Opinion
April 20, 1992
Appeal from the Supreme Court, Westchester County (Gurahian, J.).
Ordered that the judgment is affirmed, with costs.
By motion for summary judgment in lieu of complaint pursuant to CPLR 3213, the plaintiff commenced this action to recover upon a promissory note for the payment of money only. The defendant does not deny the making of the note or that no payments were made thereunder. However, in opposing the plaintiff's motion for summary judgment, the defendant alleged that, despite the note's recitation that it was given "for value received," there was actually no consideration. In reply, the plaintiff argued that, regardless of the defendant's allegation, the parol evidence rule prevents the defendant from varying the clear language of the instrument.

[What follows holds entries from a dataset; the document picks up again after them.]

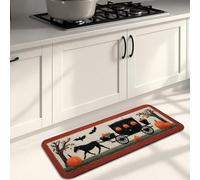 Tapis de cuisine d'automne pour sol, motif cheval rustique et calèche, tapis doux, rembourré, confortable, lavable, antidérapant, pour éviers, buanderie, salle de bain, 40,6 x 119,4 cm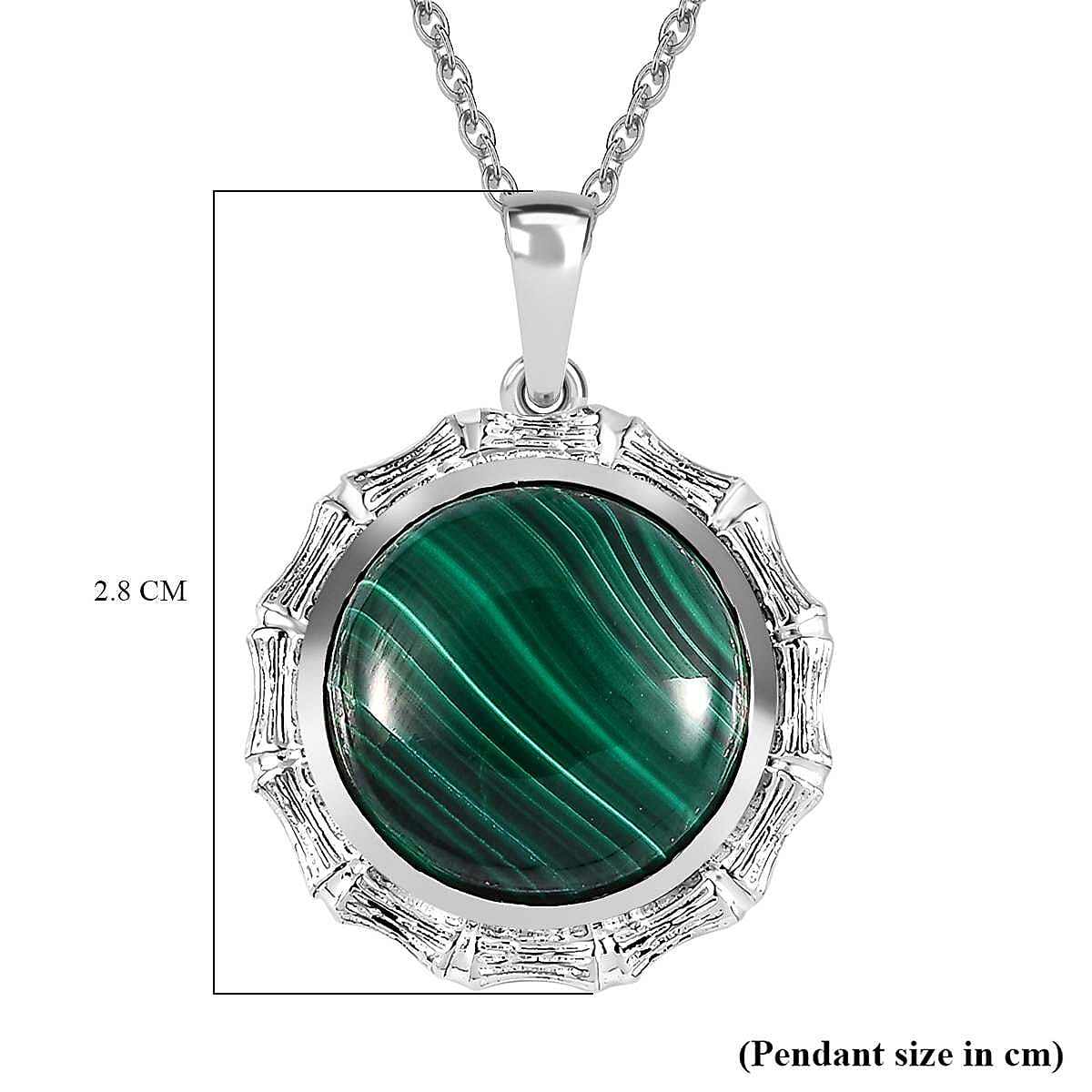 Sterling Silver Malachite Pendant with Chain (Size 20) 14.250  Ct.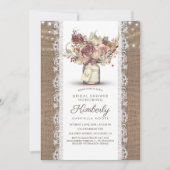 Rustikales Vintag Mason Jar Burlap Lace Brautparty Einladung (Vorderseite)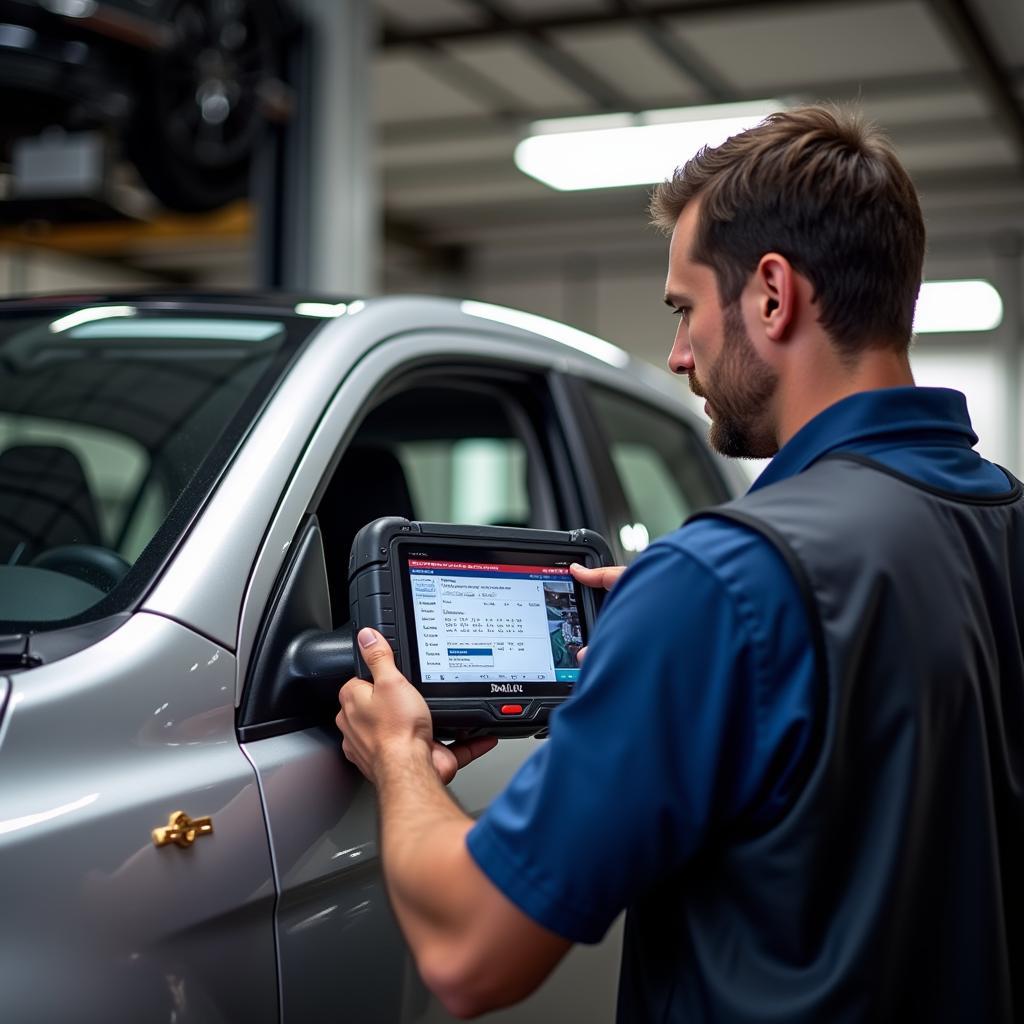 Mechanic using the OBD2 & CAN Deluxe Scan Tool 60693 in a workshop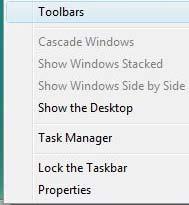 The Taskbar (overview) The taskbar is the long horizontal bar at the bottom of your screen.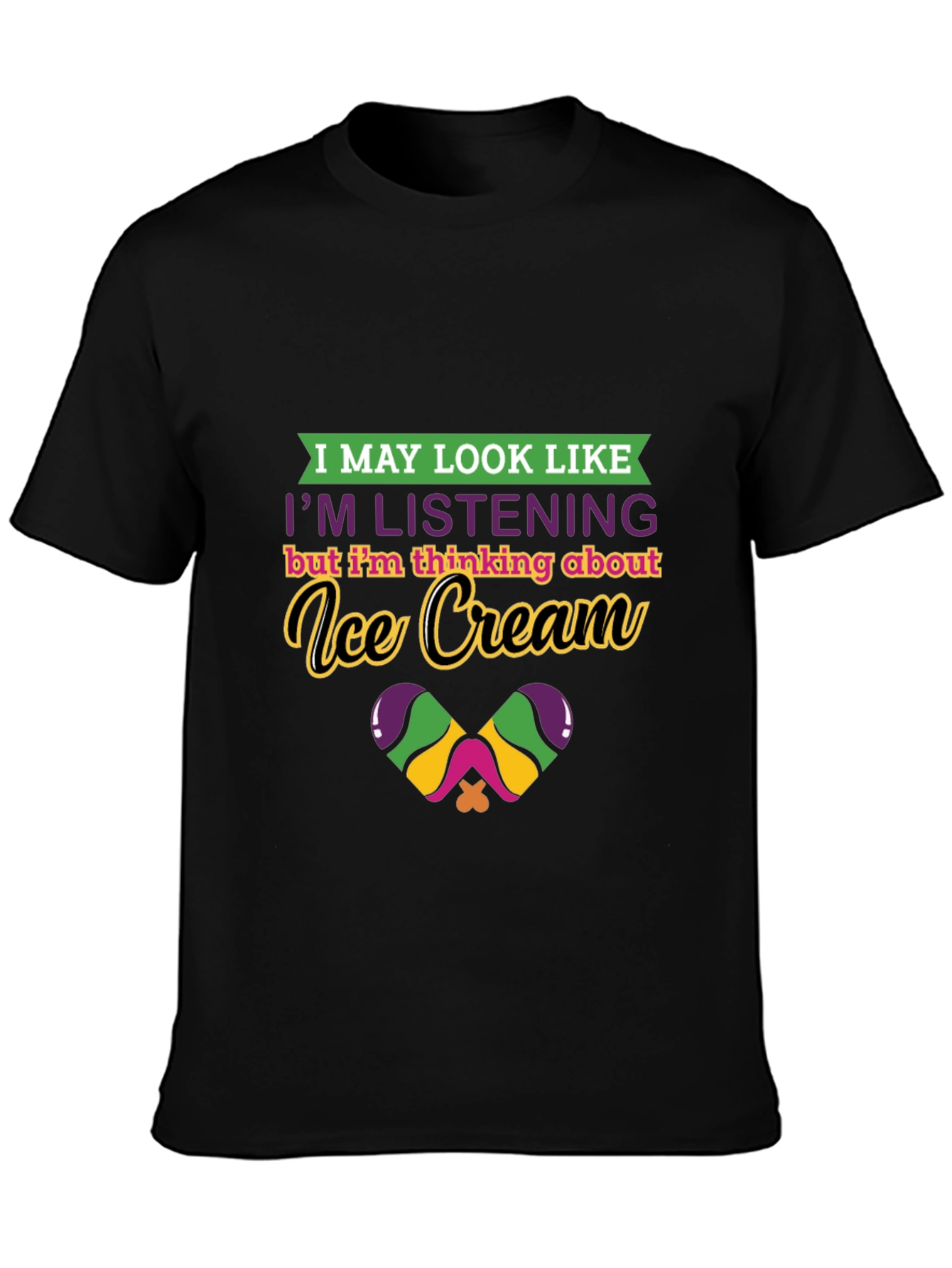 Ice Cream Thinking Graphic Tee - Quirky Comfort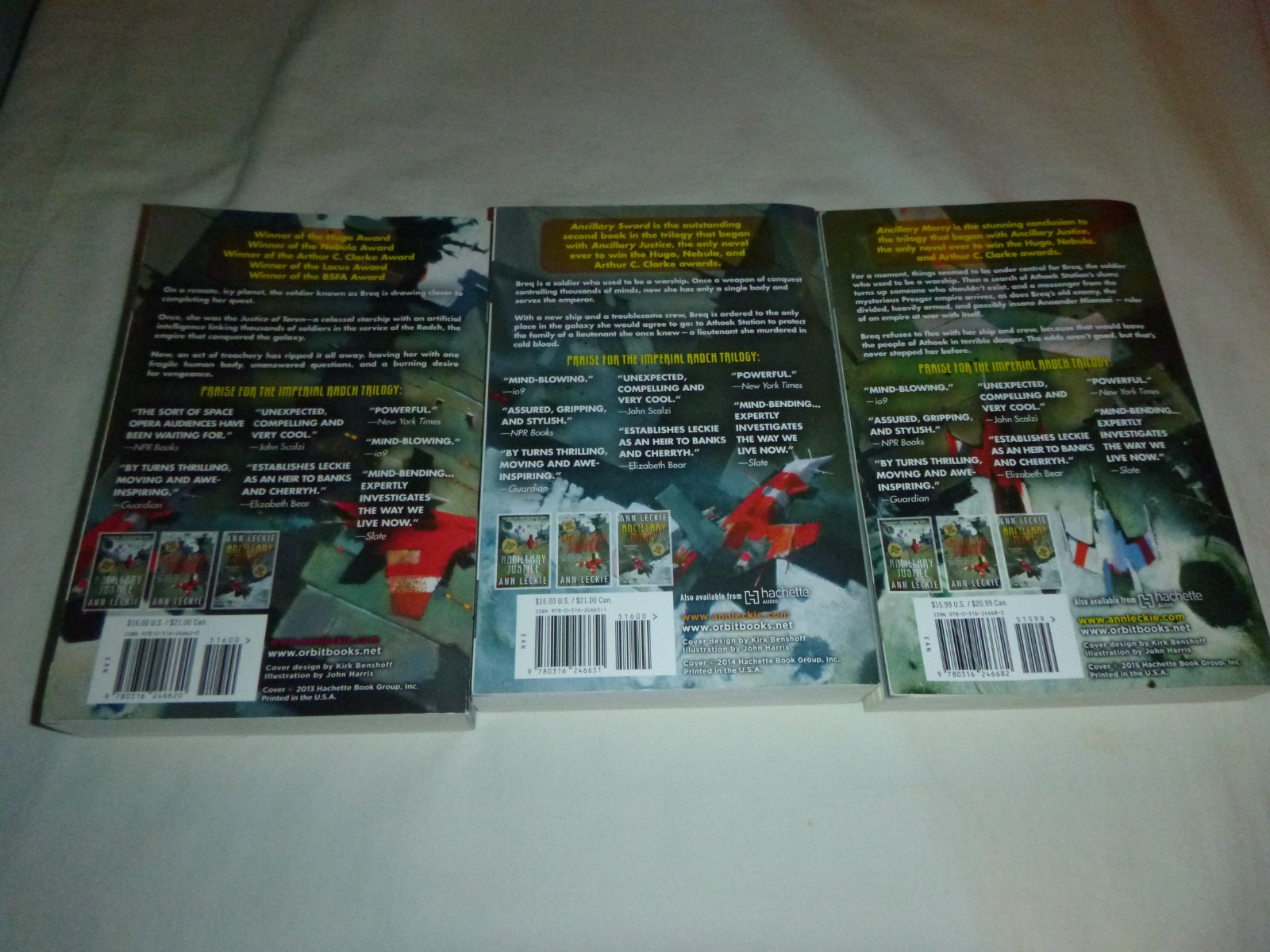 Imperial Radch Trilogy by Ann Leckie Softcover Lot of 3 Ancillary Justice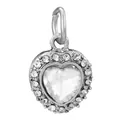 Sparkling silver heart pendant with large clear crystal and diamond halo setting - Heart Clear Main Stone Cluster (15)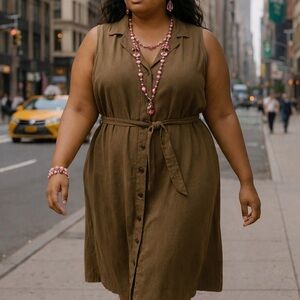 Contact Plus New York 3X Sleeveless Button-Front Linen Blend Belted Midi Dress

It is undisputed that the plaintiff has established a prima facie case by proof of the note and a failure to make payments called for by its terms (see, Gateway State Bank v Shangri-La Private Club for Women, 113 A.D.2d 791, affd 67 N.Y.2d 627; see also, Seaman-Andwall Corp. v Wright Mach. Corp., 31 A.D.2d 136, 137, affd 29 N.Y.2d 617).
The plaintiff has submitted both the note and a subsequent letter from the defendant indicating that the note was given for consideration. This documentary evidence is countered only by the defendant's allegations that there was no consideration and that the note was executed because of the plaintiff's tax difficulties. In view of the documentary evidence indicating that there was consideration, the defendant's allegations fail to raise a triable issue of fact. Moreover, the defendant's allegation that the note was executed only to assist the plaintiff with her "tax difficulties" is not sufficient to overcome the plaintiff's documentary evidence. In order to prevent summary judgment it was at least necessary for the defendant to explain what these "tax difficulties" were and how the execution of the note would have assisted the plaintiff (see, Ehrlich v American Moninger Greenhouse Mfg. Corp., 26 N.Y.2d 255, 259).
We note that defendant waived his objection to the court's jurisdiction over his person since he opposed the plaintiff's motion for summary judgment in lieu of complaint on the merits without raising any jurisdictional objection (see, CPLR 3211 [e]; Katz v Katz, 68 A.D.2d 536). Mangano, P.J., Miller, O'Brien and Santucci, JJ., concur.